The framework shown above is becoming a common pattern for Extract, Load & Transform (ELT) solutions in Microsoft Azure. They key services used in this framework are Azure Data Factory v2 for orchestration, Azure Data Lake Gen2 for storage and Azure Databricks for data transformation. Here are the key benefits each component offers –
- Azure Data Factory v2 (ADF) – ADF v2 plays the role of an orchestrator, facilitating data ingestion & movement, while letting other services transform the data. This lets a service like Azure Databricks which is highly proficient at data manipulation own the transformation process while keeping the orchestration process independent. This also makes it easier to swap transformation-specific services in & out depending on requirements.
- Azure Data Lake Gen2 (ADLS) – ADLS Gen2 provides a highly-scalable and cost-effective storage platform. Built on blob storage, ADLS offers storage suitable for big data analytics while keeping costs low. ADLS also offers granular controls for enforcing security rules.
- Azure Databricks – Databricks is quickly becoming the de facto platform for data engineering & data science in Azure. Leveraging Apache Spark’s capabilities through Dataframe & Dataset APIs and Spark SQL for data interrogation, Spark Streaming for streaming analytics, Spark MLlib for machine learning & GraphX for graph processing, Databricks is truly living up to the promise of a Unified Analytics Platform.
The pattern makes use of Azure Data Lake Gen2 as the final landing layer, however it can be extended with different serving layers such as Azure SQL Data Warehouse if an MPP platform is needed, Azure Cosmos DB if a high-throughput NoSQL database is needed, etc.

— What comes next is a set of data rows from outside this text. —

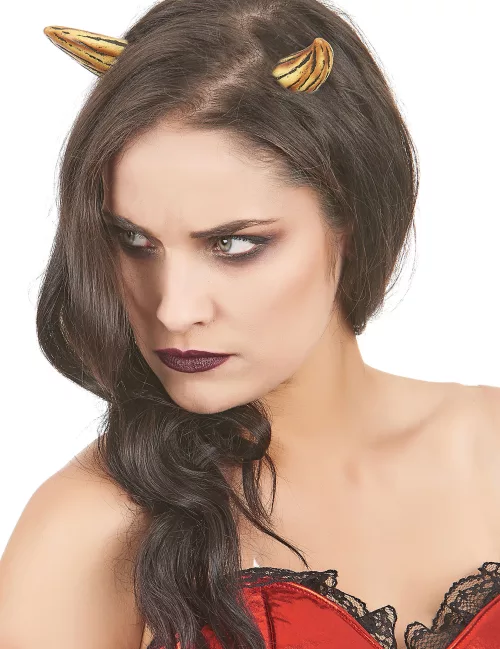Photo du produit Paire de cornes de diable en latex adulte luxe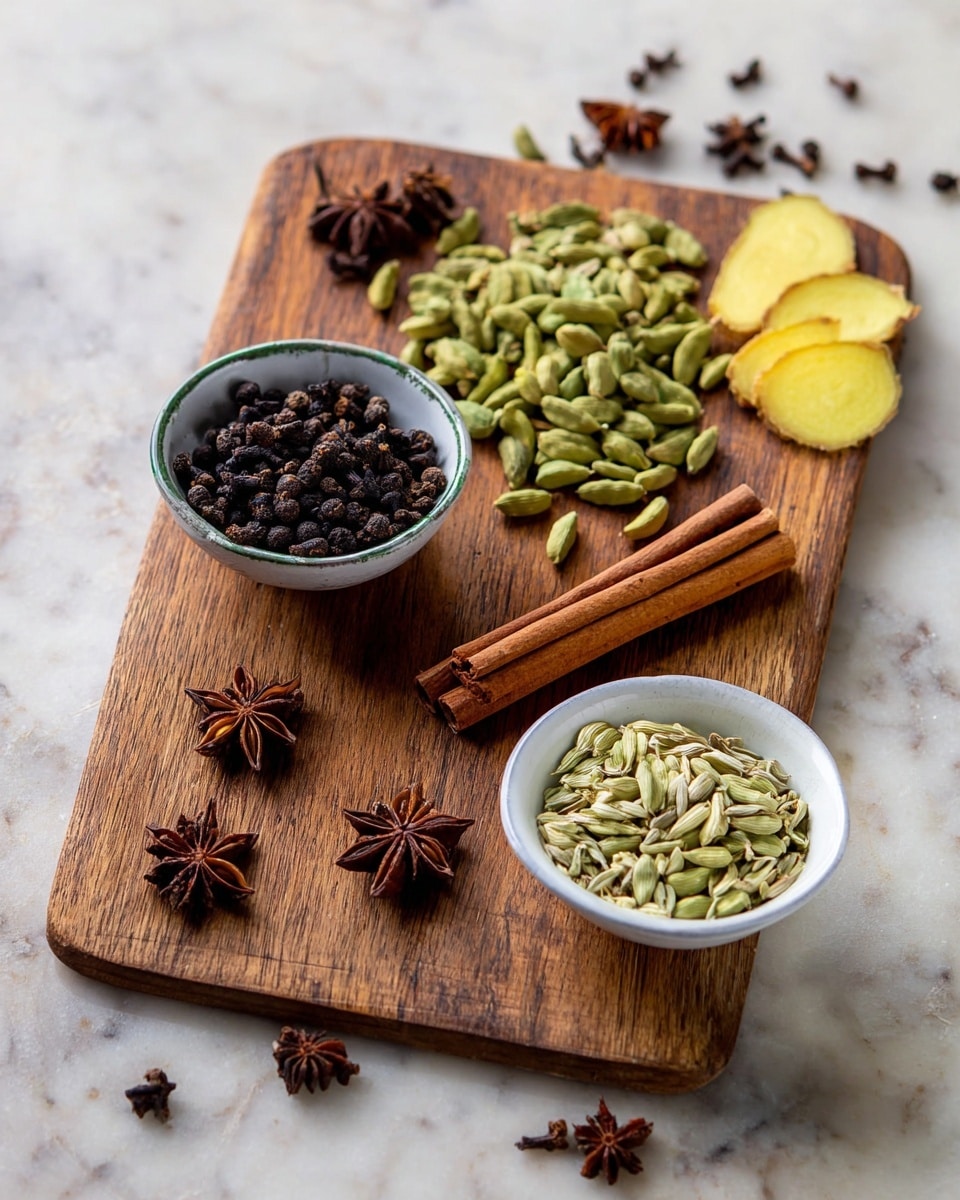 A wooden board is placed on a white marbled surface, holding several spices arranged in a neat group. At the left side of the board, a small bowl filled with dark brown cloves is shown. Next to it, there is a pile of light green cardamom pods directly on the board. Toward the center, a small cluster of cinnamon sticks lays horizontally, with a star anise placed in front of them. On the right side of the board, some thin slices of yellowish ginger root rest flat. In front of the board, a white bowl filled with light green fennel seeds sits on the white marbled surface. Additional star anise pieces are scattered loosely on the white marbled background around the board. Photo taken with an iphone --ar 4:5 --v 7
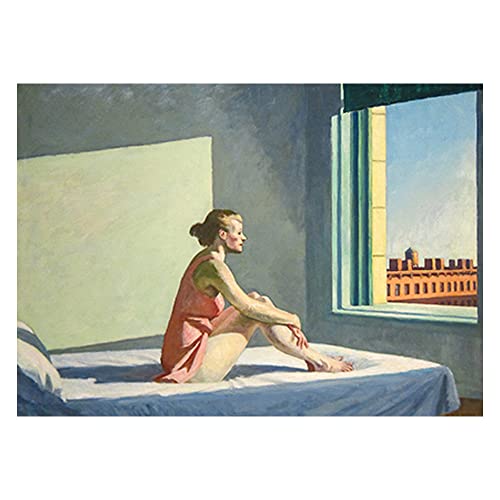 UNEVUE Edward Hopper Cuadro en Lienzo | Lienzos Decorativos | Cuadros Decoración Dormitorios Salón | Cuadros y láminas | Pared Lienzos Decor《Morning Sun》Sin marco-30x42cm 12x17inch
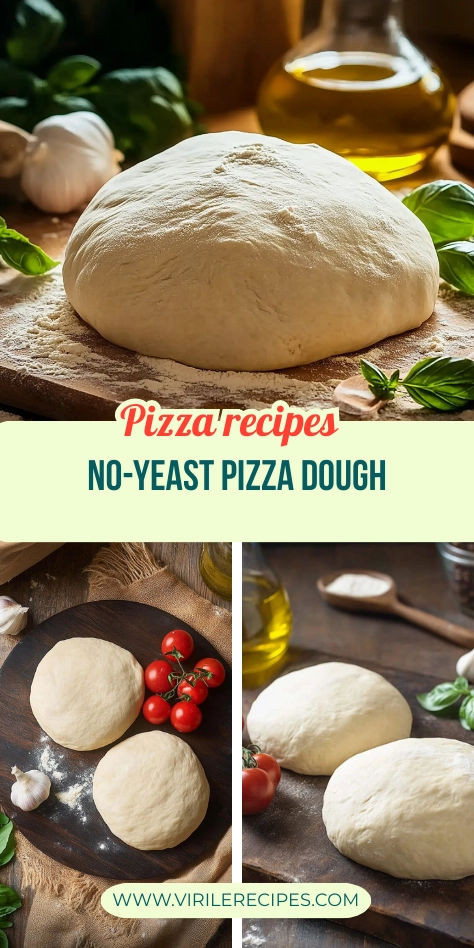 Collage of no-yeast pizza dough with fresh ingredients like garlic, basil, and cherry tomatoes on rustic wooden boards.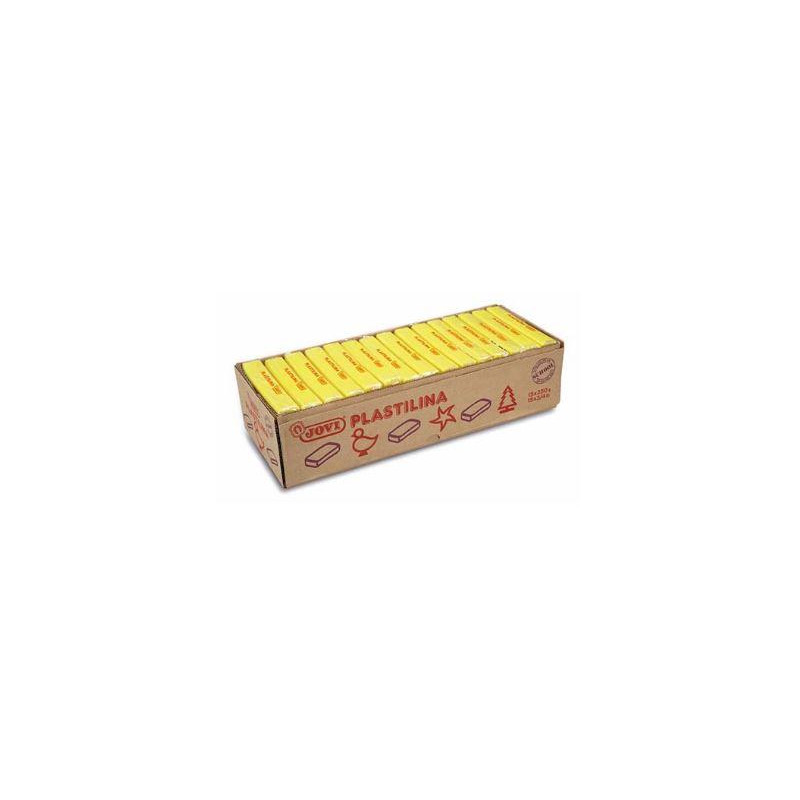 (7202) JOVI PLASTILINA PASTILLA 350GR UNICOLOR AMARILLO CAJA 15 UD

ADF, ADLS & Azure Databricks form the core set of services in this modern ELT framework. Investment in their individual capabilities and their integration with the rest of the Azure ecosystem continues to be made. Some examples of new upcoming features include Mapping Data Flows in ADF (currently in private preview) which will let users develop ETL & ELT pipelines using a GUI-based approach and MLflow in Azure Databricks (currently in public preview) which will provide capabilities for machine-learning experiment tracking, model management & operationalisation. This makes the ELT framework sustainable and future-proof for your data platform.